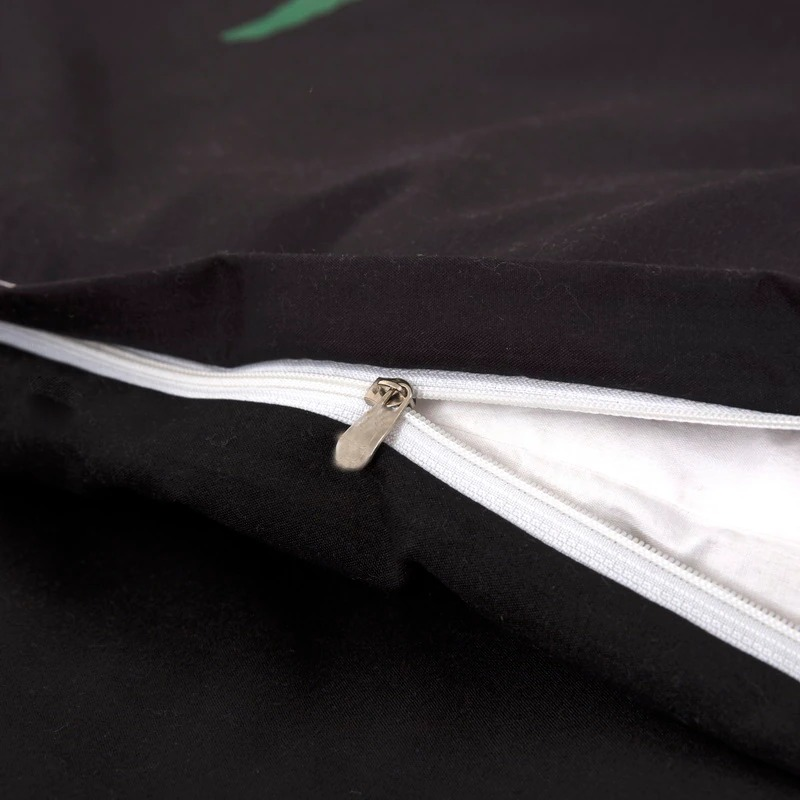 Close-up of black bedding set zipper, showcasing quality craftsmanship in gothic style fashion textiles.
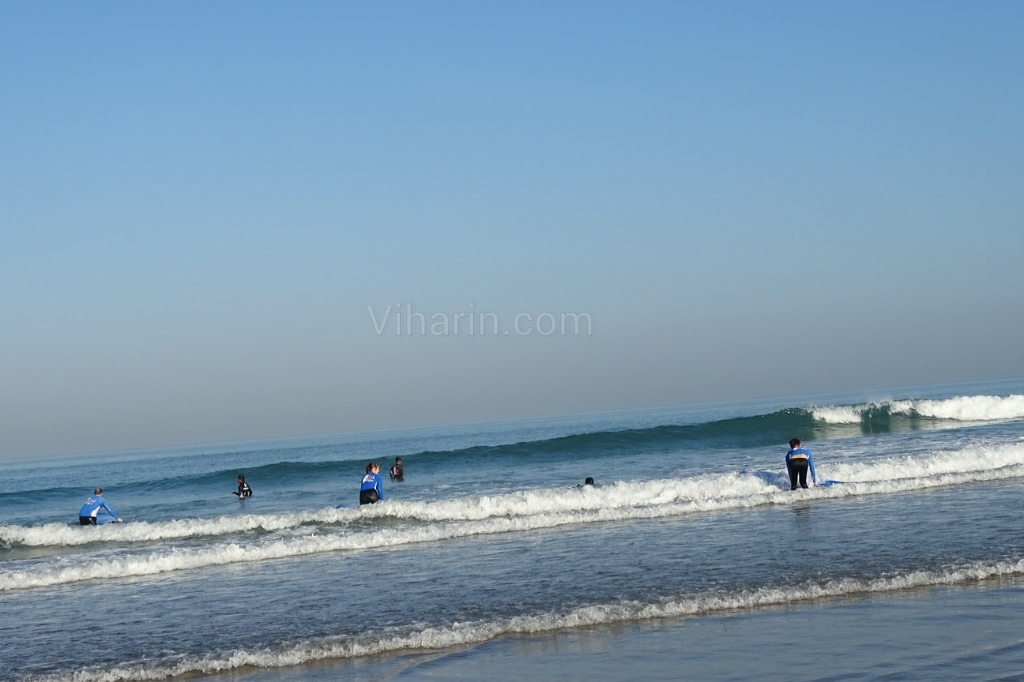 Viharin.com- People doing water surfing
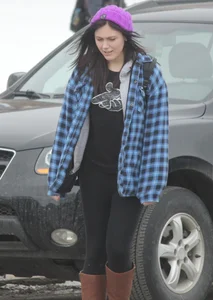 A cute brunette in leggings boots and hat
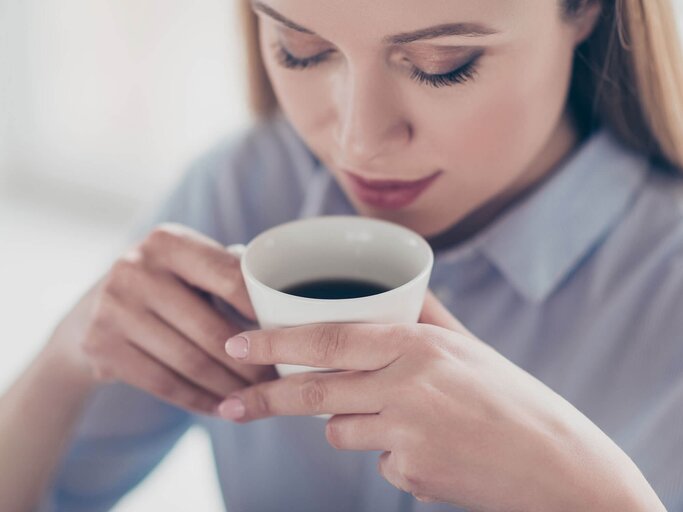 Frau trinkt Kaffee aus einer Tasse | © iStock | Deagreez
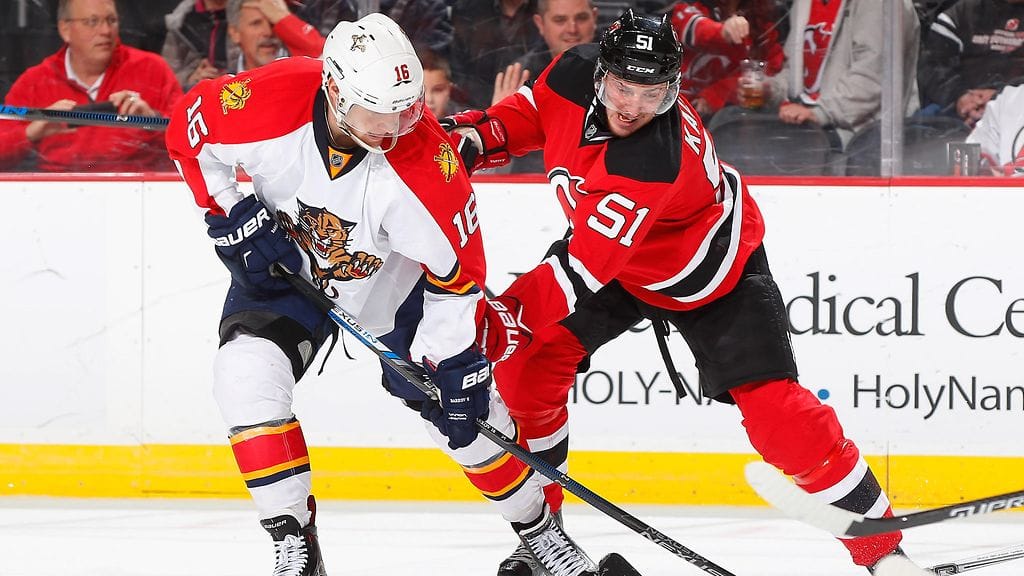 Aleksander Barkov taistelee kiekosta Devilsin Sergei Kalininin kanssa.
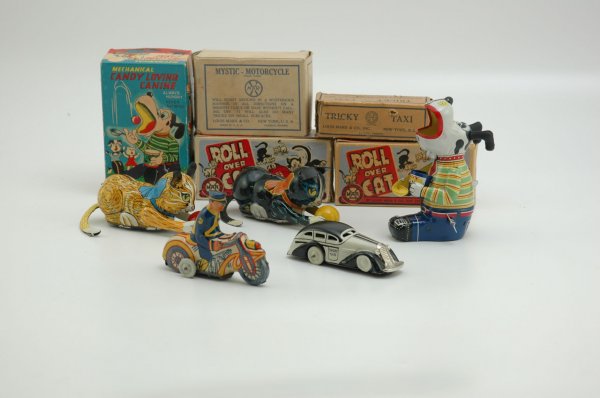 FIVE WIND-UP TOYS: Boxed items includes Candy Loving Canine, Mystic-Motorcycle, Tricky Taxi, and two Roll Over Cats, all lithographed in tin. 4" - 6"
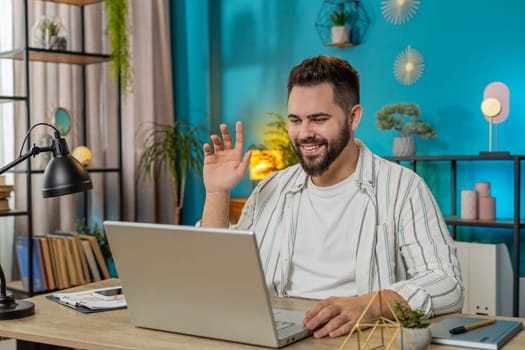 Caucasian young freelancer man looking at laptop screen, making video webcam conference call with friends or family enjoying pleasant conversation. Guy sits at home office table workplace. Lifestyle
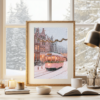 A pink tram artwork resting on a desk by the window, with snow falling outside and warm fairy lights adding a cozy ambiance.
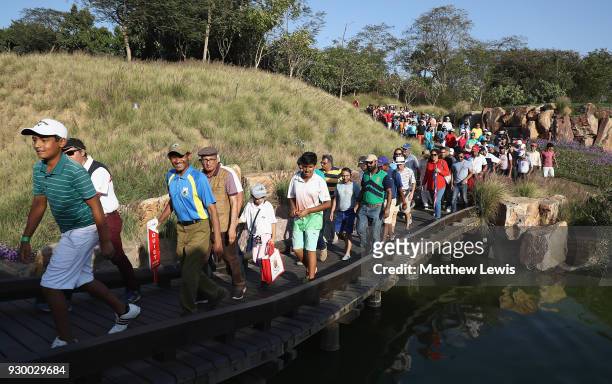 Crowds walk onto the 17th fairway during day three of the Hero Indian Open at Dlf Golf and Country Club on March 10, 2018 in New Delhi, India.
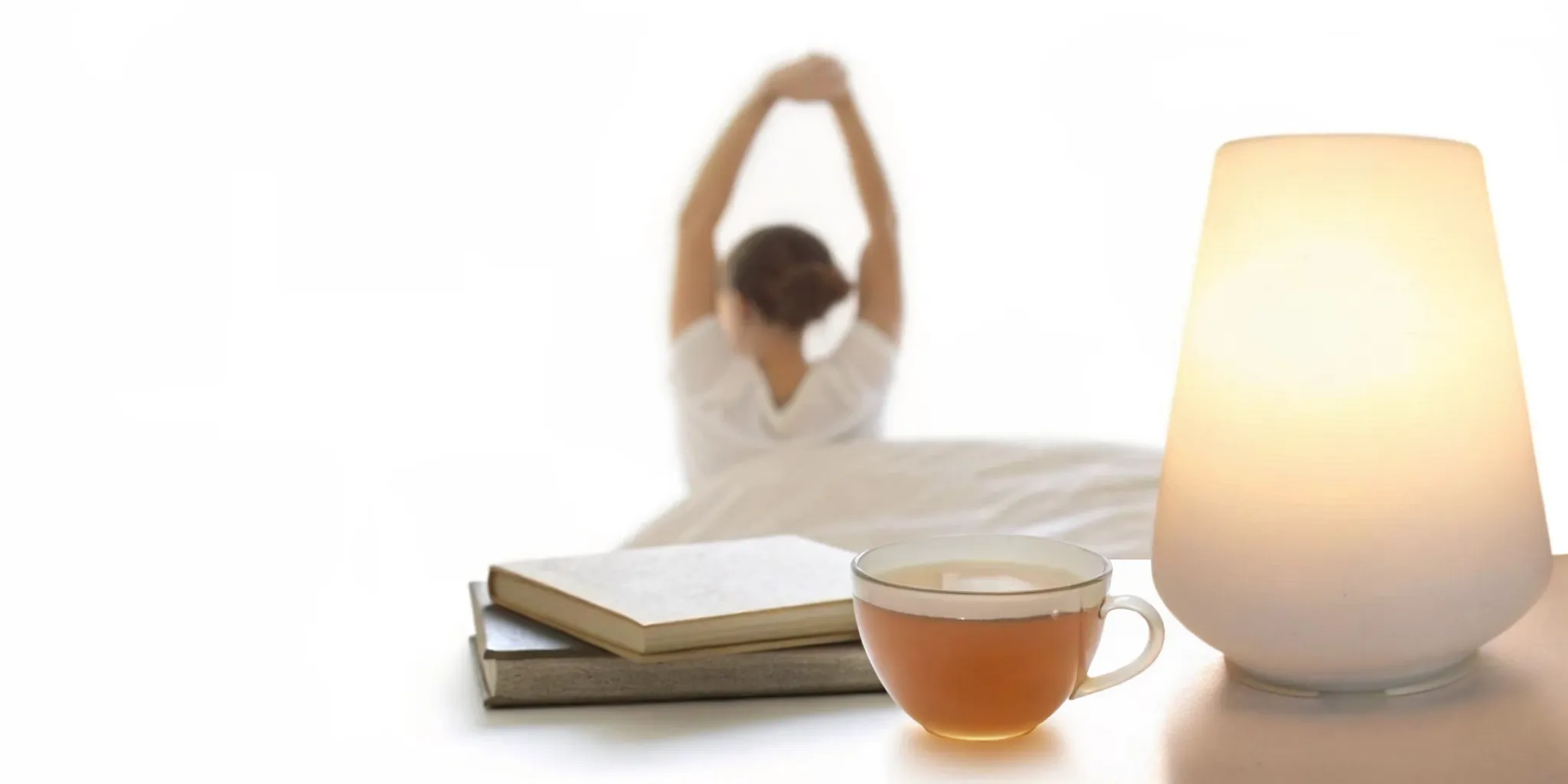 Woman stretching during a calming evening wellness routine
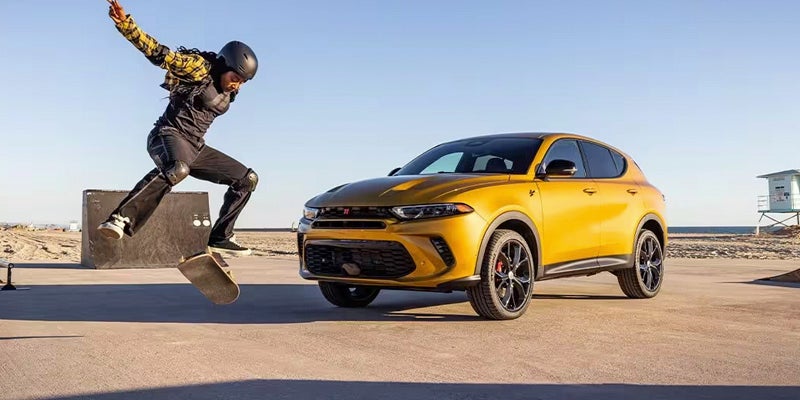 A skater in full gear jumps on a skateboard in front of a golden vehicle on a paved lot by a beach.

What this task involves
Look back at the data above, then output exactly the lines from the line holding "Frau trinkt Kaffee" up to and including the line holding "FIVE WIND-UP TOYS: Boxed". Leave out the pictures.

Task result
 Frau trinkt Kaffee aus einer Tasse | © iStock | Deagreez
 Aleksander Barkov taistelee kiekosta Devilsin Sergei Kalininin kanssa.
 FIVE WIND-UP TOYS: Boxed items includes Candy Loving Canine, Mystic-Motorcycle, Tricky Taxi, and two Roll Over Cats, all lithographed in tin. 4" - 6"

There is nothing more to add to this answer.